* **INSTRUCTIONS FOR THE TASK**
Restate word for word the opening line of the data below and every line after it until the line with "Map of Laurens, South Carolina and ZIP codes", that line too, but not the pictures.

Excerpts from a dataset
----------

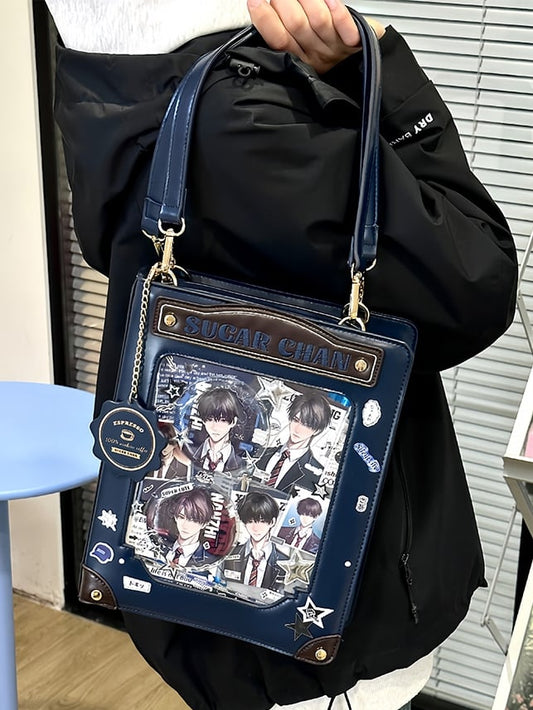 Blue&Brown Letter Decorated Ita Bag
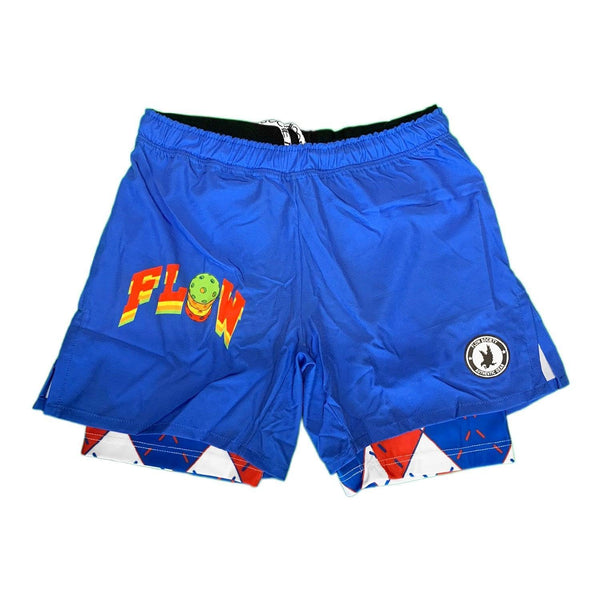 Flow Society Mens 2-1 Compression Logo Pickleball 7" Blue Short Blue/Argyle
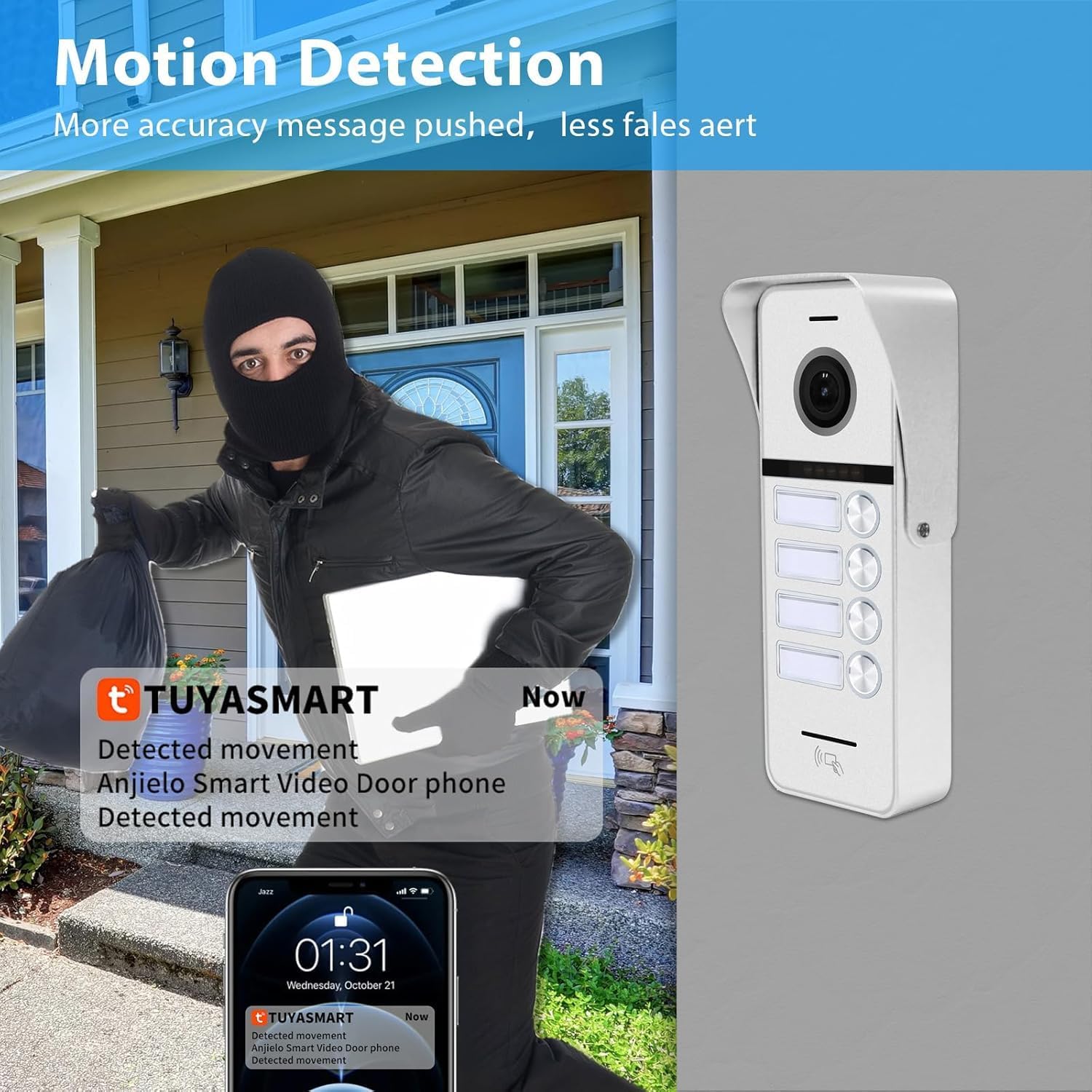 Wired Apartment Video Doorbell Intercom System,4 Units 10 Inch Touch WiFi Monitor,Setting The Monitoring Range,Wireless Video Door Phone Kit,Motion Detection (1 White doorbell+4 White Monitor)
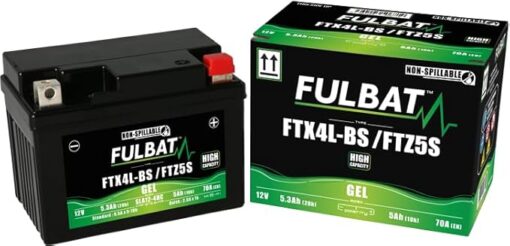 - FULBATBATTERIE MOTO FULBAT GEL FTX4L-BS / FTZ5S / YTX4L-BS (High Capacity) 12V 5,3AH 70A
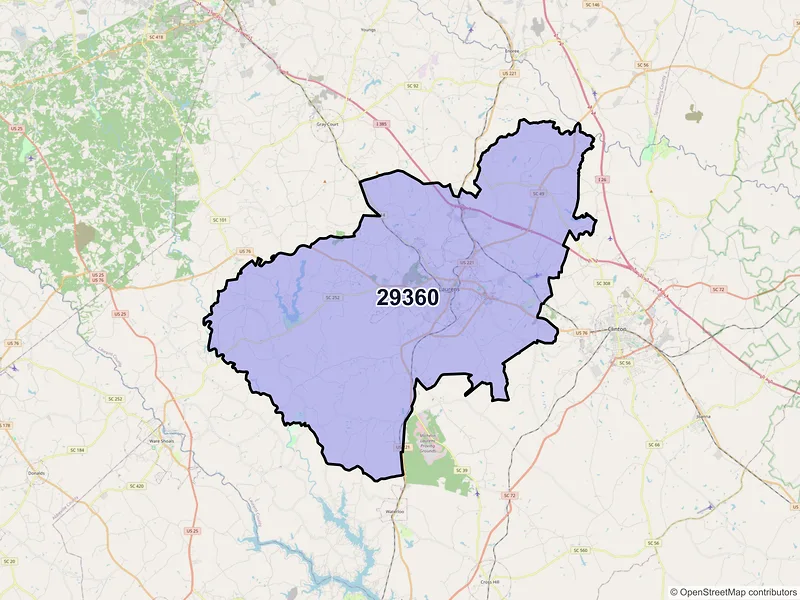 Map of Laurens, South Carolina and ZIP codes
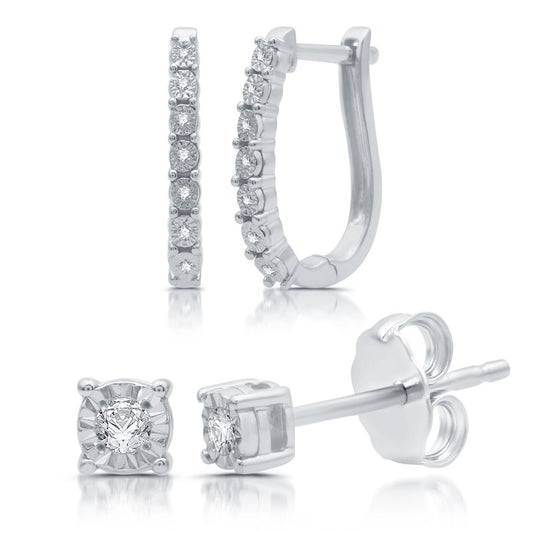 1/10 Cttw Diamond Set of 2 Earrings-Hoops & Studs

----------

* **YOUR RESPONSE**
 Blue&Brown Letter Decorated Ita Bag
 Flow Society Mens 2-1 Compression Logo Pickleball 7" Blue Short Blue/Argyle
 Wired Apartment Video Doorbell Intercom System,4 Units 10 Inch Touch WiFi Monitor,Setting The Monitoring Range,Wireless Video Door Phone Kit,Motion Detection (1 White doorbell+4 White Monitor)
 - FULBATBATTERIE MOTO FULBAT GEL FTX4L-BS / FTZ5S / YTX4L-BS (High Capacity) 12V 5,3AH 70A
 Map of Laurens, South Carolina and ZIP codes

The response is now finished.